# What to do
Leave every image behind and restate the data word for word.

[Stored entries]

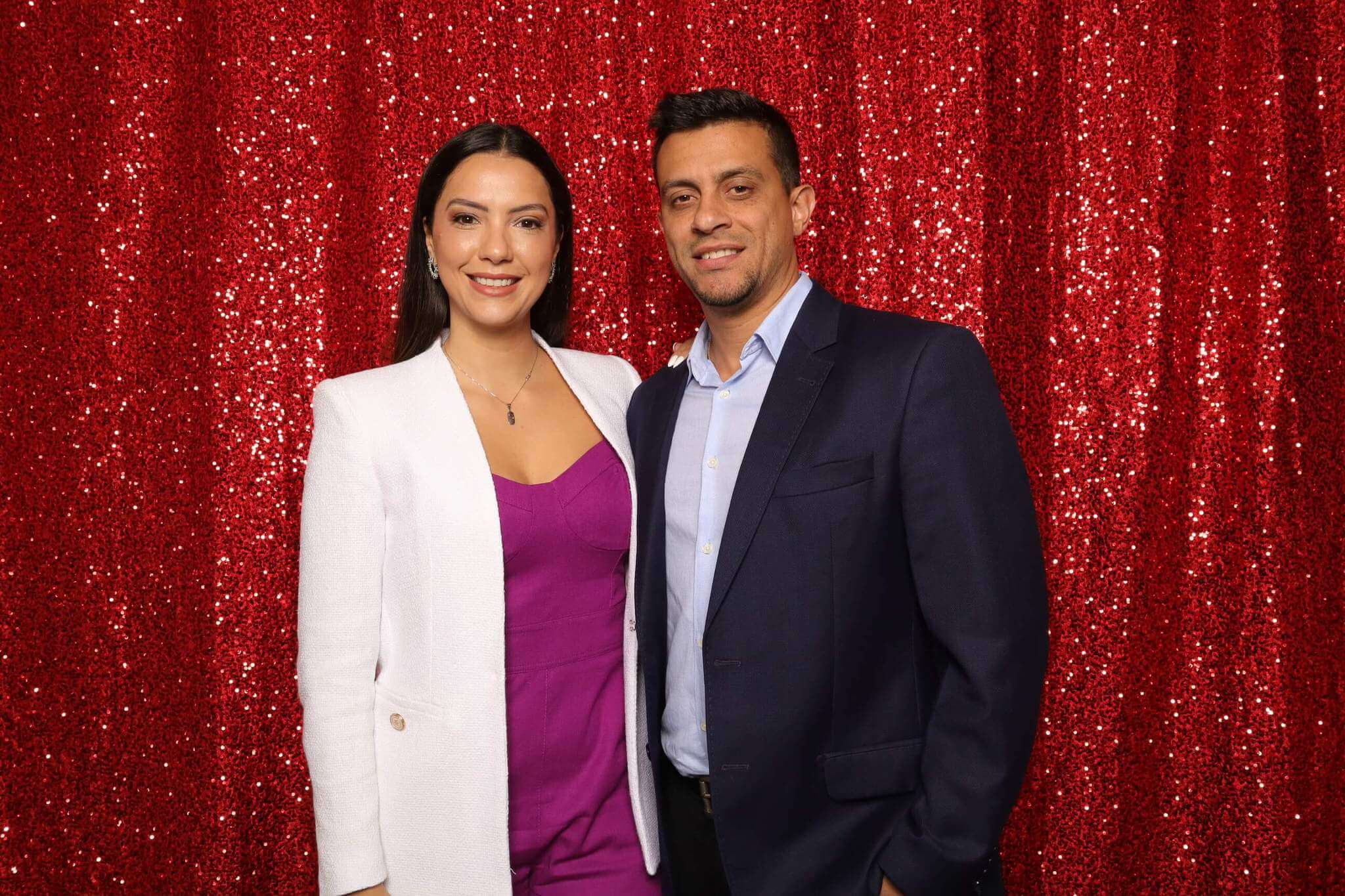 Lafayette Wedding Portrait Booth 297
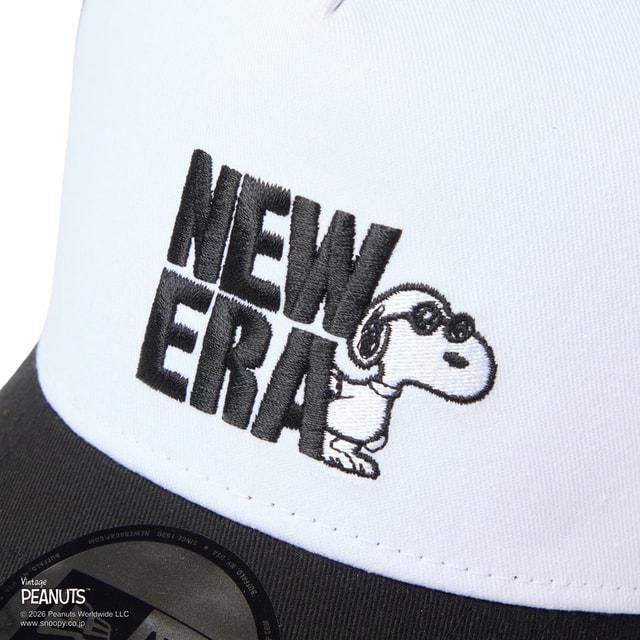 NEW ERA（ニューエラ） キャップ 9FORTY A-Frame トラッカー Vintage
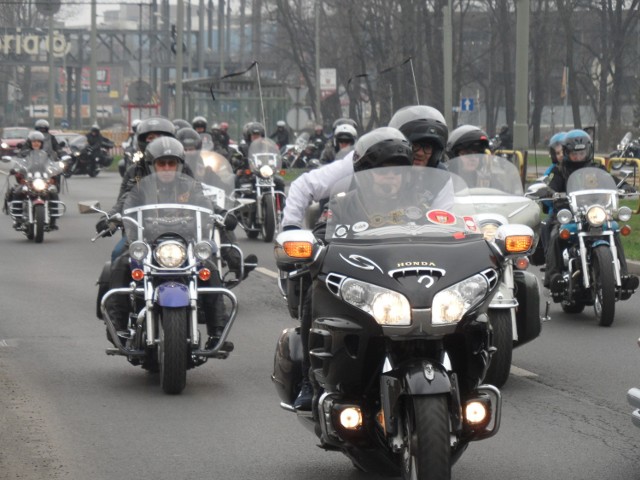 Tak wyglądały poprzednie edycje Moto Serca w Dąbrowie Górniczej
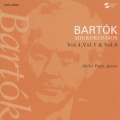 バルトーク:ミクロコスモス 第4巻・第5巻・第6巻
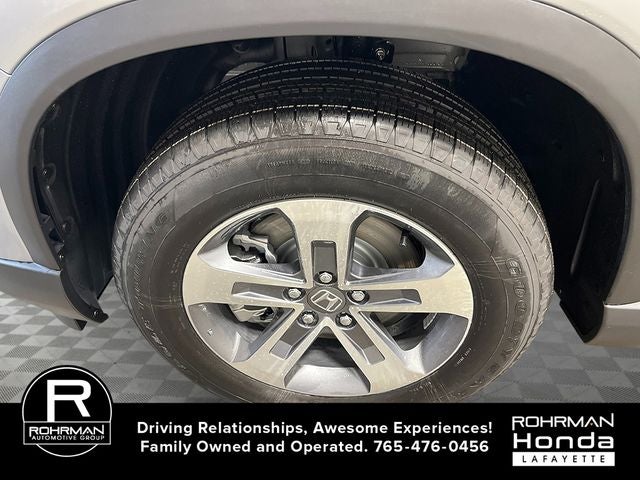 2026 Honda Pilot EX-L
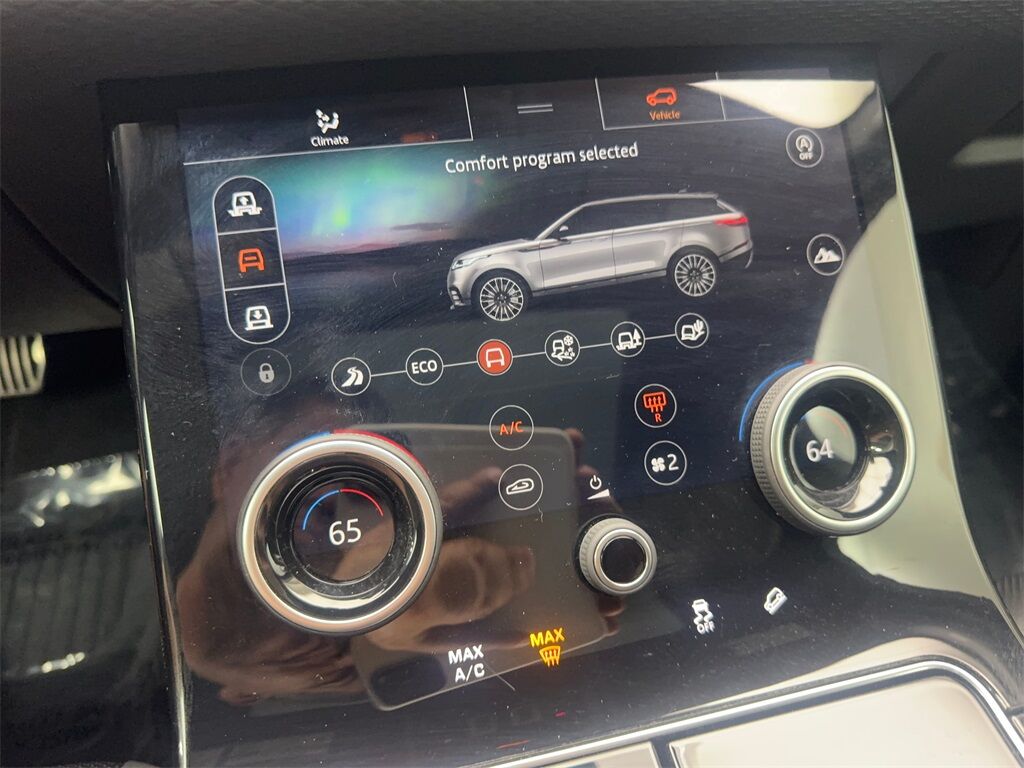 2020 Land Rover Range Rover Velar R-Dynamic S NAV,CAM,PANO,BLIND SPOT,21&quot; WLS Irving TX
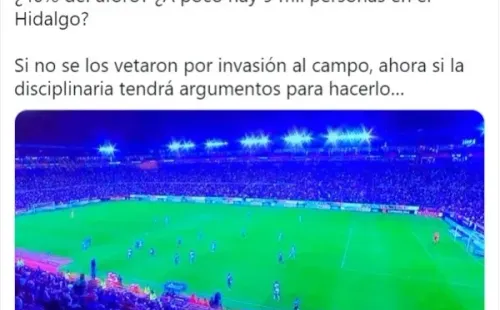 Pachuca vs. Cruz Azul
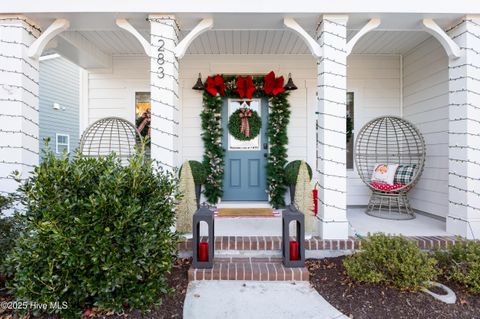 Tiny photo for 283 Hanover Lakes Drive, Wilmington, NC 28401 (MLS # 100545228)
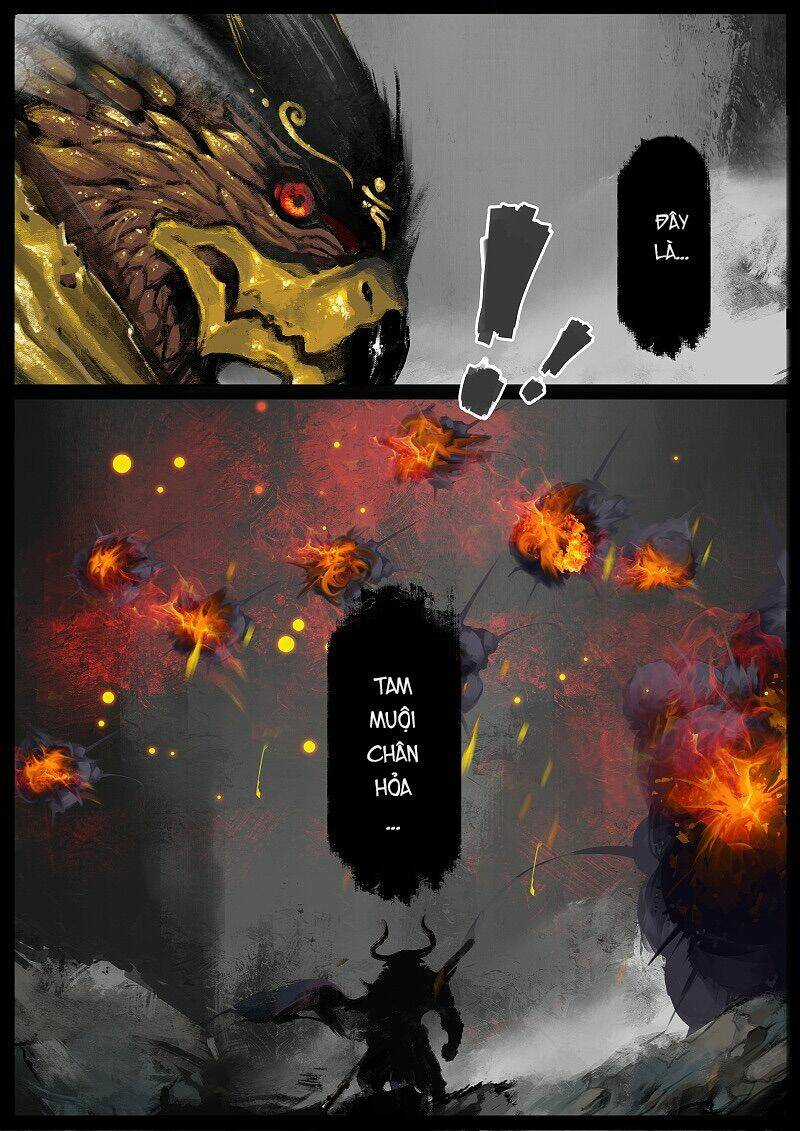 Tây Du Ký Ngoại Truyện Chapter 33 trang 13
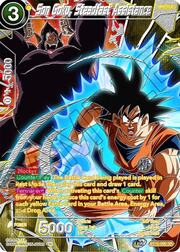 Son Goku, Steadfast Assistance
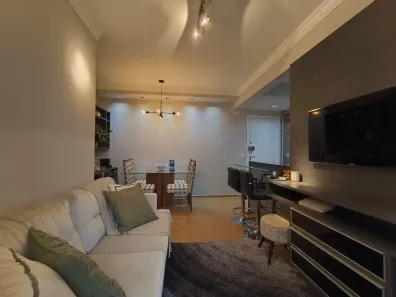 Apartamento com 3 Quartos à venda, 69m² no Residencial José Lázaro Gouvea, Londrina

# Task result
 Lafayette Wedding Portrait Booth 297
 NEW ERA（ニューエラ） キャップ 9FORTY A-Frame トラッカー Vintage
 Tak wyglądały poprzednie edycje Moto Serca w Dąbrowie Górniczej
 バルトーク:ミクロコスモス 第4巻・第5巻・第6巻
 2026 Honda Pilot EX-L
 2020 Land Rover Range Rover Velar R-Dynamic S NAV,CAM,PANO,BLIND SPOT,21&quot; WLS Irving TX
 Pachuca vs. Cruz Azul
 Tiny photo for 283 Hanover Lakes Drive, Wilmington, NC 28401 (MLS # 100545228)
 Tây Du Ký Ngoại Truyện Chapter 33 trang 13
 Son Goku, Steadfast Assistance
 Apartamento com 3 Quartos à venda, 69m² no Residencial José Lázaro Gouvea, Londrina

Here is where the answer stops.